Huge amounts of foreign aid end up flowing into the NGO sector, often to extremely efficient, effective, and well-run organizations. Still, every dollar of foreign aid which goes to NGOs is a dollar which doesn’t go directly to local governments. And that’s a problem.

After all, the Afghan government surely learned a lot in implementing the USAID program. If USAID had instead gone around the government, and instead asked say Partners In Health to do the same thing, then a lot of institutional knowledge about how to make the country healthier would have remained within PIH, rather than entering Afghanistan’s nascent bureaucracy.

It’s incredibly rare for individuals to target their philanthropic donations at national governments of any stripe. (The CDC Foundation is probably the most prominent exception to the rule, and it’s not exactly focused on raising small-dollar donations.)

But when you give money to US or European charities working in developing-country public health, you are in a way saying that you don’t trust the local government to deliver results, and that you’d rather give your money to, well, a white savior.

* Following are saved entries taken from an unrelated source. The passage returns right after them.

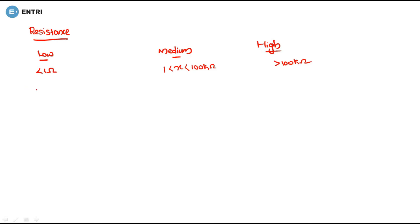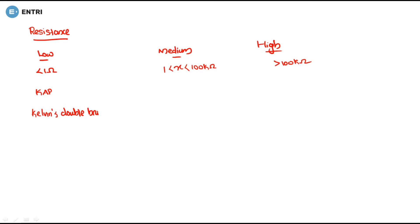We will use a code to remember the measurement methods. K for Kelvin's double bridge method, A for ammeter-voltmeter method, and P for potentiometer method — that is KAP for low resistance.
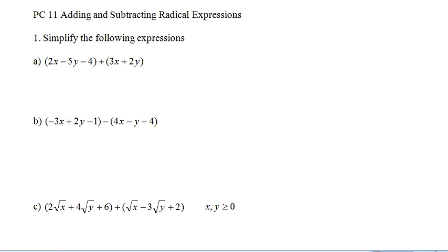This is our third lesson on radicals. This is adding and subtracting radical expressions, and we're just going to go through some review of things you should already know.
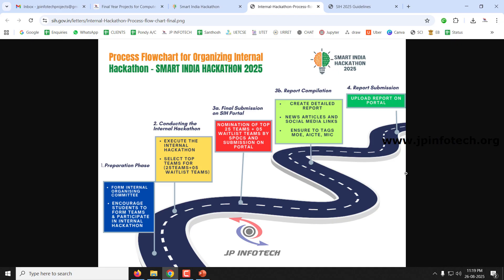For the internal hackathon conducted at the college, there are three phases. First, the preparation phase: form an internal committee and prepare judges' details and student preparation. Second, the conduct phase: conduct the internal hackathon and select the top 25 teams to nominate. Third, the final submission phase: update the portal with nominated team details, report, photos, and judge details, then compile and upload the complete report.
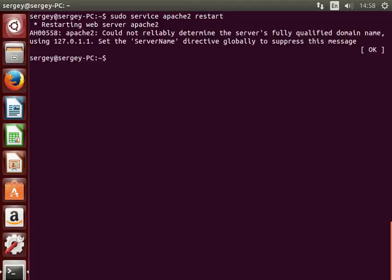Actually, this is not a big issue and it is just a friendly reminder, but anyway I will show you how to fix it.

In the Afghan case, the US Special Inspector General for Afghanistan Reconstruction ended up recommending that the health program be suspended, not because it found any evidence of corruption, but just because “financial management deficiencies” meant that they didn’t know whether, maybe, some corruption might be going on. Probably a sophisticated American NGO would not have had such deficiencies. But the Afghan program was working, and working very effectively. That’s ultimately what matters. When you add NGOs to the development mix, it’s important to remember what you’re subtracting at the same time.